Skip to content

Overview

ckanext-transmute registers an action tsm_transmute to transmute data using the provided conversion scheme. The action doesn't change the original data but creates a new data dict. There are two mandatory arguments: data and schema. data is a data dict you need to transform, and schema contains the rules describing all the transformation steps.

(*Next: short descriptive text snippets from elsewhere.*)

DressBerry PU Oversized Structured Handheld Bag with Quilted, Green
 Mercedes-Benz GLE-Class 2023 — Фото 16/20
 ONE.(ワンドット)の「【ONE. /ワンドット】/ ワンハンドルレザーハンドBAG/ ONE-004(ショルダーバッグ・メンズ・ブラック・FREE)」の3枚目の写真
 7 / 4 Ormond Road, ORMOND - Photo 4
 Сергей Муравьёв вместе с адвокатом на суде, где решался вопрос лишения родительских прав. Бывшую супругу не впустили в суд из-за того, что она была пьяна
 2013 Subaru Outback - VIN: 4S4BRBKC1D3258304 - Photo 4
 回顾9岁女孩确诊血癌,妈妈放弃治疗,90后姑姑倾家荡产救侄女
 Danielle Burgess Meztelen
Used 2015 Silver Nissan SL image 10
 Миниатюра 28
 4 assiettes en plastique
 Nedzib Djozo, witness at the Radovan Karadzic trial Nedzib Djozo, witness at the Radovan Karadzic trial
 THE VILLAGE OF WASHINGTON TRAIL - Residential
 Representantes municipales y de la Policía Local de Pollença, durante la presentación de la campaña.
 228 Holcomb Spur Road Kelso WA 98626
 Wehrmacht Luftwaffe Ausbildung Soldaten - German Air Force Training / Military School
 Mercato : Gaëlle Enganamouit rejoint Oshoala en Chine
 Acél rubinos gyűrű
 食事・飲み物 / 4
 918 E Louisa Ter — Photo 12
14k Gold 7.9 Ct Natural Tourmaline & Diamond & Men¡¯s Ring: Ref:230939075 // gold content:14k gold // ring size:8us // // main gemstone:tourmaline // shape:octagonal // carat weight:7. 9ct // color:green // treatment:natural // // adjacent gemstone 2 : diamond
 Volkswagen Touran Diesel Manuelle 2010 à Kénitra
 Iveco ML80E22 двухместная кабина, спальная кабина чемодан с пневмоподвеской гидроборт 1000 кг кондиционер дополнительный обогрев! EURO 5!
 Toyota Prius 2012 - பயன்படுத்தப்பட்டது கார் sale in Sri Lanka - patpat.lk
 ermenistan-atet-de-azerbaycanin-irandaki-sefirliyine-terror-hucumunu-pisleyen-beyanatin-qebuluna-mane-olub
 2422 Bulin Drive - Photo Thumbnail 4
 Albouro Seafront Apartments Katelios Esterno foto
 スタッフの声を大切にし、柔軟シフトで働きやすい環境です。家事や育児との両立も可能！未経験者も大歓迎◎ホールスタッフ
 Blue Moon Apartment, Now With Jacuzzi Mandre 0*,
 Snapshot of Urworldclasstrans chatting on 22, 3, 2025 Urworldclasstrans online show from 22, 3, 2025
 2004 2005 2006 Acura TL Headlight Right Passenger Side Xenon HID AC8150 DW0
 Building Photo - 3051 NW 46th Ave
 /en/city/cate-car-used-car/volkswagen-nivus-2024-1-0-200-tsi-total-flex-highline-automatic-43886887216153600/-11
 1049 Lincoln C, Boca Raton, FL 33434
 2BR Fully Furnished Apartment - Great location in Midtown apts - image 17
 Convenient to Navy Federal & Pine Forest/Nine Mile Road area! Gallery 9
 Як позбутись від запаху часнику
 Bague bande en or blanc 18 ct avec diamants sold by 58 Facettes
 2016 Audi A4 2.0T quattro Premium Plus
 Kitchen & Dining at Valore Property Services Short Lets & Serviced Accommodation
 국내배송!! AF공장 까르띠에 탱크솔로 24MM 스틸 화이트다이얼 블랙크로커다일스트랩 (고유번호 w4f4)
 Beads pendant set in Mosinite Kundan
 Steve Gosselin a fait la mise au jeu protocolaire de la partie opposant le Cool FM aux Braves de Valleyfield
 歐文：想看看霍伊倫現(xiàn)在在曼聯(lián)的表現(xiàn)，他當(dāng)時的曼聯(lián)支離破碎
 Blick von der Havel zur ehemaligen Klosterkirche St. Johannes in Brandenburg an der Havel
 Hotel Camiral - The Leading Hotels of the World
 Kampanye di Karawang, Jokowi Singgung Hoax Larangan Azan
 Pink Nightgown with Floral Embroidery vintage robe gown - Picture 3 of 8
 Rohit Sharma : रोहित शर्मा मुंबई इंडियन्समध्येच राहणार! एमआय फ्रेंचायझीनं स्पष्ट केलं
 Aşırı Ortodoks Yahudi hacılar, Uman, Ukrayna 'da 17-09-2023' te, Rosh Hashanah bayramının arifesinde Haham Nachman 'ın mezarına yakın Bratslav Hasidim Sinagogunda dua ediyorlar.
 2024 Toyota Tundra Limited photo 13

Typical use-case for it is transforming existing data, like this:

{
  "title": "Test-dataset",
  "email": "test@test.ua",
  "metadata_created": "",
  "metadata_modified": "",
  "metadata_reviewed": "",
  "resources": [
    {
      "title": "test-res",
      "extension": "xml",
      "web": "https://stackoverflow.com/",
      "sub-resources": [
        {
          "title": "sub-res",
          "extension": "csv",
          "extra": "should-be-removed"
        }
      ]
    },
    {
      "title": "test-res2",
      "extension": "csv",
      "web": "https://stackoverflow.com/"
    }
  ]
}

into expected data, like this:

{
    "name": "test-dataset",
    "email": "test@test.ua",
    "metadata_created": datetime.datetime(2022, 2, 3, 15, 54, 26, 359453),
    "metadata_modified": datetime.datetime(2022, 2, 3, 15, 54, 26, 359453),
    "metadata_reviewed": datetime.datetime(2022, 2, 3, 15, 54, 26, 359453),
    "attachments": [
        {
            "name": "test-res",
            "format": "XML",
            "url": "https://stackoverflow.com/",
            "sub-resources": [{"name": "SUB-RES", "format": "CSV"}]
        },
        {
            "name": "test-res2",
            "format": "CSV",
            "url": "https://stackoverflow.com/"
        }
    ]
}

To achieve this goal, the following schema definition can be used:

{
    "root": "Dataset",
    "types": {
        "Dataset": {
            "fields": {
                "title": {
                    "validators": [
                        "tsm_string_only",
                        "tsm_to_lowercase",
                        "tsm_name_validator",
                    ],
                    "map": "name",
                },
                "resources": {
                    "type": "Resource",
                    "multiple": True,
                    "map": "attachments",
                },
                "metadata_created": {
                    "validators": ["tsm_isodate"],
                    "default": "2022-02-03T15:54:26.359453",
                },
                "metadata_modified": {
                    "validators": ["tsm_isodate"],
                    "default_from": "metadata_created",
                },
                "metadata_reviewed": {
                    "validators": ["tsm_isodate"],
                    "replace_from": "metadata_modified",
                },
            }
        },
        "Resource": {
            "fields": {
                "title": {
                    "validators": ["tsm_string_only"],
                    "map": "name",
                },
                "extension": {
                    "validators": ["tsm_string_only", "tsm_to_uppercase"],
                    "map": "format",
                },
                "web": {
                    "validators": ["tsm_string_only"],
                    "map": "url",
                },
                "sub-resources": {
                    "type": "Sub-Resource",
                    "multiple": True,
                },
            },
        },
        "Sub-Resource": {
            "fields": {
                "title": {
                    "validators": ["tsm_string_only", "tsm_to_uppercase"],
                    "map": "name",
                },
                "extension": {
                    "validators": ["tsm_string_only", "tsm_to_uppercase"],
                    "map": "format",
                },
                "extra": {
                    "remove": True,
                },
            }
        },
    },
}

This is an example of schema with nested types. The root field defines the type of the outer layer of data, while sub-resources field inside the definition of the root type contain type references to Sub-Resource definition.